Information in response to Item 302(A) of Regulation S-K appears in the Annual Report to Stockholders for the year ended December 31, 2011 under the caption “Quarterly Results (Unaudited)” and is incorporated herein by reference.

 

ITEM 9. CHANGES IN AND DISAGREEMENTS WITH ACCOUNTANTS ON ACCOUNTING AND FINANCIAL DISCLOSURE.

The registrant has not had any disagreements with its independent auditors on accounting or financial disclosure matters.

 

ITEM 9A. CONTROLS AND PROCEDURES.

Disclosure Controls and Procedures.

The Company’s management, with the participation of the Principal Executive Officer and Principal Financial Officer, conducted an evaluation of the effectiveness of the Company’s disclosure controls and procedures (as defined in Exchange Act Rule 13a-15(e)) as of the end of the period covered by this report. Based on that evaluation, the Principal Executive Officer and Principal Financial Officer concluded that the Company’s disclosure controls and procedures were effective as of the end of the period covered by this report.

Management’s Report on Internal Control over Financial Reporting.

Management’s Report on Internal Control over Financial Reporting on page 80 and Report of Independent Registered Public Accounting Firm on the Company’s Internal Control over Financial Reporting on page 81 of the Annual Report to Stockholders for the year ended December 31, 2011, are incorporated herein by reference.

There have been no changes in the Company’s internal controls over financial reporting during the fourth quarter of 2011 that have materially affected, or are reasonably likely to materially affect, the Company’s internal control over financial reporting.

 

ITEM 9B. OTHER INFORMATION.

Not applicable.

 

11


PART III

 

ITEM 10. DIRECTORS, EXECUTIVE OFFICERS AND CORPORATE GOVERNANCE.

Item 401(a), (d), and (e) of Regulation S-K:

The following information is included in the proxy statement for the annual stockholders meeting of April 24, 2012 and is incorporated herein by reference:

Identification of directors, family relationships, and business experience is included under the caption “ITEM 1: ELECTION OF DIRECTORS.”

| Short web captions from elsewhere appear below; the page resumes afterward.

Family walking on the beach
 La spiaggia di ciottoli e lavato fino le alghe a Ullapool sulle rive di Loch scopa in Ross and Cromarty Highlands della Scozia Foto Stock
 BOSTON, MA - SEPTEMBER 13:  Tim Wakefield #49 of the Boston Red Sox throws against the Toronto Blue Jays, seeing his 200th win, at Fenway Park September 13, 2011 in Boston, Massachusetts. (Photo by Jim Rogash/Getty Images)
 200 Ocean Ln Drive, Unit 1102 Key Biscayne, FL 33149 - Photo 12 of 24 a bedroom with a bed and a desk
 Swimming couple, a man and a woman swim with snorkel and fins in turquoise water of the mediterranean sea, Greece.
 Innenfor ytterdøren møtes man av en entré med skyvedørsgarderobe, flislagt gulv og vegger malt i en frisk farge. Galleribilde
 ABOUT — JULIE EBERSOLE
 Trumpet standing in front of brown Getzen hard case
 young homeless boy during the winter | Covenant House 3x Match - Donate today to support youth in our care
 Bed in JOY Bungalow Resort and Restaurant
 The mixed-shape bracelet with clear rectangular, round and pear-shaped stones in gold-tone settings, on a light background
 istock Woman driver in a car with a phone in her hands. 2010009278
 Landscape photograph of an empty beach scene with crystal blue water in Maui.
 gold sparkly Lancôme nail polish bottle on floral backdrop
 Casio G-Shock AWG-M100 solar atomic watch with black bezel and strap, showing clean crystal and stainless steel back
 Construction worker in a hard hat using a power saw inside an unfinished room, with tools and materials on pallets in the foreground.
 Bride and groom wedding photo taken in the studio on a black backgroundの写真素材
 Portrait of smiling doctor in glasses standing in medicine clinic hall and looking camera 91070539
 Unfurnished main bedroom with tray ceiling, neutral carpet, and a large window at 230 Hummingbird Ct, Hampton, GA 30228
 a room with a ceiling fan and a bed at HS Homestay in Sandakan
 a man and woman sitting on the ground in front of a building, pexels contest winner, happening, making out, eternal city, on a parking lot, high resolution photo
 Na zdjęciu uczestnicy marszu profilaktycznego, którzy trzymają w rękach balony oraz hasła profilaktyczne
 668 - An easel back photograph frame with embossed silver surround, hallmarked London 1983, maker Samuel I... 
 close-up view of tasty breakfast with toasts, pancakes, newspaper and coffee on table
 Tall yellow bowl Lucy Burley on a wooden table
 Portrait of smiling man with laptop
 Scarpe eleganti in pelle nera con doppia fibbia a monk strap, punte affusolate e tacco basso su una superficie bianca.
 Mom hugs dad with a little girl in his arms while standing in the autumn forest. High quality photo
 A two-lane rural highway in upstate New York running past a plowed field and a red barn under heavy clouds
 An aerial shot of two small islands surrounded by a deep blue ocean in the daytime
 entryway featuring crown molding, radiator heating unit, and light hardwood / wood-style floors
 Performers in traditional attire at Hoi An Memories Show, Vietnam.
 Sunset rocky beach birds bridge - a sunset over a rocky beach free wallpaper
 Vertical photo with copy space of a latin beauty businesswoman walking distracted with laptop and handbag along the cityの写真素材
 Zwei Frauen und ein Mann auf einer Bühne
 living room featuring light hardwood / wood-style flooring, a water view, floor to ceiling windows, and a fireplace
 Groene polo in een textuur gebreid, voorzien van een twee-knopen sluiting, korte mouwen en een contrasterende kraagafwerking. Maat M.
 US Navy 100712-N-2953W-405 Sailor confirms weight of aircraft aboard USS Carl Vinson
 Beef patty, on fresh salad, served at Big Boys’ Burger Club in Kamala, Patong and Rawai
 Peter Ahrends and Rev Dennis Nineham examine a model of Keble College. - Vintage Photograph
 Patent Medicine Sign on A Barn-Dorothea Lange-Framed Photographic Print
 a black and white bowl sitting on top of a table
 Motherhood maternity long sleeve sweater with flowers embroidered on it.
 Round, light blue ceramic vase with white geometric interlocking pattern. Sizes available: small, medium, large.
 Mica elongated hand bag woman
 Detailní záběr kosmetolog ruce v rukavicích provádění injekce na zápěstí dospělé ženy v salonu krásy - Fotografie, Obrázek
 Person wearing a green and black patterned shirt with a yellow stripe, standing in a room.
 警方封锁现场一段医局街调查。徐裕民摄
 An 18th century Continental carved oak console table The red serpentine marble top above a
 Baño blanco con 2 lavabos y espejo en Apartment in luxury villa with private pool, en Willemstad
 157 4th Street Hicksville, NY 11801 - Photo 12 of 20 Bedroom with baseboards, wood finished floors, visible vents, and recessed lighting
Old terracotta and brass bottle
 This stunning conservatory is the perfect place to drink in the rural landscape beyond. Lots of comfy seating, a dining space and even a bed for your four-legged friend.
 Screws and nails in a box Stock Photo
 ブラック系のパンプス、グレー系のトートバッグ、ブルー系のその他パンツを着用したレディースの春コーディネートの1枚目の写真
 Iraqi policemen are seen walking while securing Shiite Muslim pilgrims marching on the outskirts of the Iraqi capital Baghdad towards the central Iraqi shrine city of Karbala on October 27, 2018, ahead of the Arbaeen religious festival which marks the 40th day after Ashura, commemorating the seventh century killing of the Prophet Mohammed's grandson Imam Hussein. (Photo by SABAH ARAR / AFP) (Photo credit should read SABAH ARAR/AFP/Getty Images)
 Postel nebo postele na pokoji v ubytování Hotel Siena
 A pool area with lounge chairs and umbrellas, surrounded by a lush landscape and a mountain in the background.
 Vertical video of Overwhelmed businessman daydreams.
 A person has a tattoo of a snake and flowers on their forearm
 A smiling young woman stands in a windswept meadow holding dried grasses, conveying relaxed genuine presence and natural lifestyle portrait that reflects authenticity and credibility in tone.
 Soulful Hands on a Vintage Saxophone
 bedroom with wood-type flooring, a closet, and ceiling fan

Item 401(b) of Regulation S-K:

Executive Officers of the registrant as of February 29, 2012:

 

Name and Age

  

Present Position and Other Position(s) Held During Last Five Years

Mark C. Pigott (58)

   Chairman and Chief Executive Officer since 1997. Mr. Pigott is the brother of John M. Pigott, a director of the Company.

Ronald E. Armstrong (56)

   President; Executive Vice President from August 2010 to December 2010; Senior Vice President from December 2007 to July 2010; Vice President from January 2007 to November 2007.

Daniel D. Sobic (58)

   Executive Vice President; Senior Vice President from January 2007 to October 2008.

Robert J. Christensen (55)

   Executive Vice President; Senior Vice President from November 2008 to July 2010; Vice President of PACCAR and General Manager of Kenworth from July 2002 to October 2008.

David C. Anderson (58)

   Vice President and General Counsel since December 2004.

Michael T. Barkley (56)

   Vice President and Controller since January 1, 2007.

Robert A. Bengston (56)

   Vice President, Financial Services; Managing Director PACCAR Financial Europe from January 2004 to December 2008.

Jack K. LeVier (52)

   Vice President, Human Resources since June 2007; Chief People Officer at Yum Brands from October 1997 to June 2007.

Samuel M. Means III (70)

   Vice President; Director General Mexico from January 1993 to December 2010.

T. Kyle Quinn (50)

   Vice President and Chief Information Officer; General Manager and Chief Information Officer from September 2008 to December 2009; Senior Director Applications and Global Operations from May 2005 to August 2008.

Harrie C.A.M. Schippers (49)

   Vice President of PACCAR and President of DAF Trucks N.V.; Finance Director, DAF Trucks N.V. from August 2003 to March 2010.

Officers are elected annually but may be appointed or removed on interim dates.

 

12


Item 405 of Regulation S-K:

The information required by this item is included in the proxy statement for the annual stockholders meeting of April 24, 2012 and is incorporated herein by reference.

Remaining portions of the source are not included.